US judge strikes down Florida ban on gender-affirming healthcare

A person holds up a flag during rally to protest the Trump administration's reported transgender proposal to narrow the definition of gender to male or female at birth in New York

By Jonathan Allen

(Reuters) - A federal judge ruled on Tuesday that parts of Florida's ban of puberty blockers and hormone therapy for transgender children and restrictions on gender-affirming healthcare for adults are unconstitutional and ordered that it not be enforced.

Republican Florida Governor Ron DeSantis signed the restrictions into law in 2023, banning people under the age of 18 from receiving puberty blockers or hormone therapy to treat gender dysphoria, though the law allowed children who had begun receiving gender-affirming care before May 17, 2023, to continue to do so with new restrictions.

The law, part of a slew of restrictive legislation in recent years advanced by Republicans to regulate the lives of transgender people, also imposed new restrictions on adults receiving gender-affirming healthcare.

U.S. District Judge Robert Hinkle in Tallahassee ruled that all those elements violated the U.S. Constitution's guarantee of equal protection under the law, noting that some Florida legislators "plainly acted from old-fashioned discriminatory animus."

"Gender identity is real," he wrote in his order, ruling that it was unconstitutional to discriminate against transgender people. "In time, discrimination against transgender individuals will diminish, just as racism and misogyny have diminished."

A spokesperson for DeSantis, who signed the ban into law shortly before announcing his failed bid to become the Republican nominee for the U.S. presidential election, said the state would appeal the ruling and referred to gender-affirming healthcare as an aspect of "radical, new age 'gender ideology.'"

"These procedures do permanent, life-altering damage to children, and history will look back on this fad in horror," the spokesperson, Julia Friedland, said in a statement.

The judge noted that doctors who treat transgender patients, multiple medical associations and the U.S. Department of Health have widely accepted that the therapies banned by Florida are "well-established standards of care for treatment of gender dysphoria."

Several parents of transgender children, who were plaintiffs in the lawsuit, gave testimony to the court that gender-affirming healthcare was allowing their children to flourish and be happy.

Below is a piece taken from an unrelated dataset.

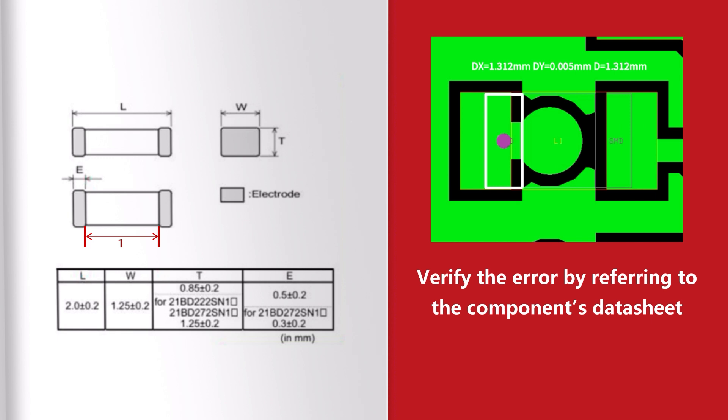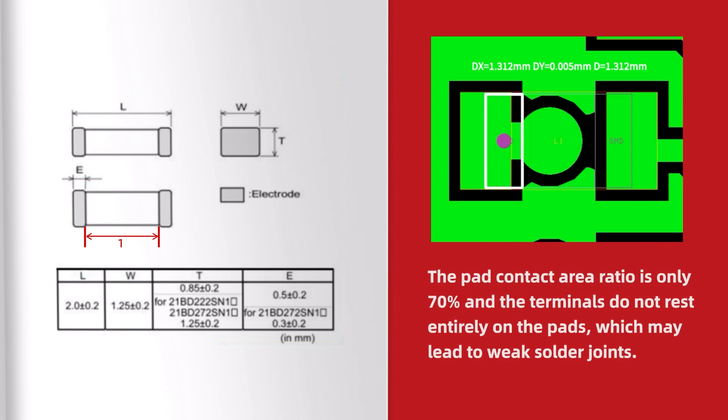Verify the error by referring to the component's datasheet. The pad contact area ratio is only 70% and the terminals do not rest entirely on the pads, which may lead to weak solder joints.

A transgender man, another plaintiff, testified that Florida's new restrictions had interrupted his taking of testosterone when his prescription lapsed, causing distress, anxiety and depression.

Because the law allowed healthcare providers to continue providing puberty blockers or hormone therapy to children and adults who are not transgender, Hinkle ruled that the law unconstitutionally discriminated on the basis of sex.

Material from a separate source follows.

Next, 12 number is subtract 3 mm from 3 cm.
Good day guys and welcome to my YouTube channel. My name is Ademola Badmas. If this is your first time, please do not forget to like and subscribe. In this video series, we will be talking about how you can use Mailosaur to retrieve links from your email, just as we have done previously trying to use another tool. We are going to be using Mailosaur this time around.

Doctors who violated the law faced up to five years in prison.

The judge noted that Florida lawmakers and Governor DeSantis, in passing the law, spoke openly about their moral disapproval of transgender people. This hindered the state's lawyers from successfully arguing that the law was a good-faith effort to regulate healthcare and not motivated by unconstitutional discriminatory animus.

"The statute and the rules were an exercise in politics, not good medicine," the judge wrote. "The great weight of medical authority supports these treatments."